Overview

Our project used data from Kaggle’s 2013 Yelp Challenge. This challenge included a subset of Yelp data from the metropolitan area of Phoenix, Arizona. Our data takes into account user reviews, ratings, and check-in data for a wide-range of businesses.

Data Aquisition & Transformations

Data was acquired and transformed in the preprocessing.R file located within our repositories final-project folder. Our data source was provided as multiarray Json files, meaning each file is a collection of json data. We used stream_in function, which parses json data line-by-line from the data folder of our repository. The collections included three, large data for Yelp businesses, users, and reviews.

Once obtained, we prepared our data for our recommender system using the following transformations:

Business

We choose to limit the scope to our recommender system to only businesses with tags related to food and beverages. There were originally 508 unique category tags listed within our business data. We manually filtered 112 targeted categories to subset our data.

We applied additional transformation to remove unnecessary data. There were 1,224 business in our data that were permanently closed. These companies accounted for 9.8% of all businesses, which were subsequently removed from our data. There were also 3 businesses in our data set from outside of AZ that we also removed.

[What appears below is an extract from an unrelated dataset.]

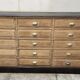Old oak cabinet with fifteen drawers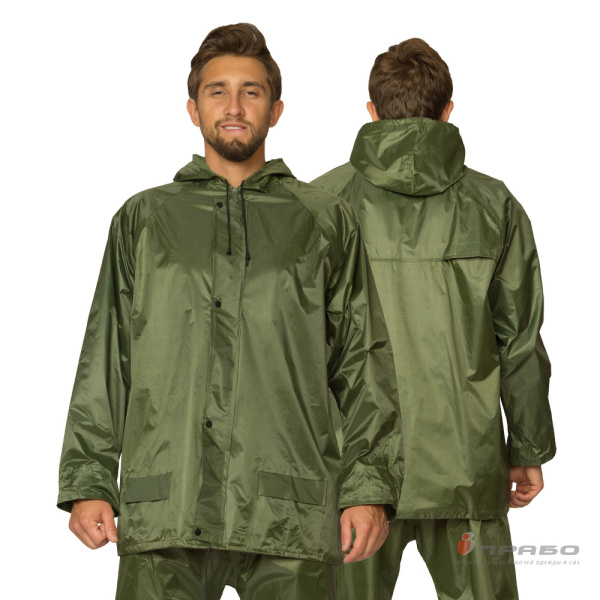 Костюм влагозащитный нейлоновый с ПВХ-покрытием зелёный (куртка и брюки). Артикул: Вл203. #REGION_MIN_PRICE# в г. Москва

As a result of our transformations, our recommender data was shortened 4,828 unique businesses. This was further limited to 4,332 after randomly sampling our user-data. The output of which can be previewed below:

Review

We subset our review data from the subset of food and beverage businesses. This dropped our review data from 229,907 to 165,823 reviews. We later applied another filter to the data to only use reviews from 10,000 randomly sampled users. This further decreases reviews to 44,494 observations. Our review data can be previewed in two parts below:

User

Next, we applied a similar filter to users to subset our data based on only our selected businesses. This decreased our user data from 43,873 to 35,268 distinct user_id observations. Do to processing constraints in R, we choose to randomly sample 10,000 users from these unique profiles.

The data frame preview below shows aggregate user data for all reviews an individual user provided for yelp within our data selection.

Merged Dataframe

Last, we created our main data frame by merging business and reviews on Business_ID. This data frame will serve as the source of data for our recommender algorithms. The user and business unique keys were simplified from characters to numeric user/item identifiers.

This data frame will be referenced later on when building our recommender matrices and algorithms.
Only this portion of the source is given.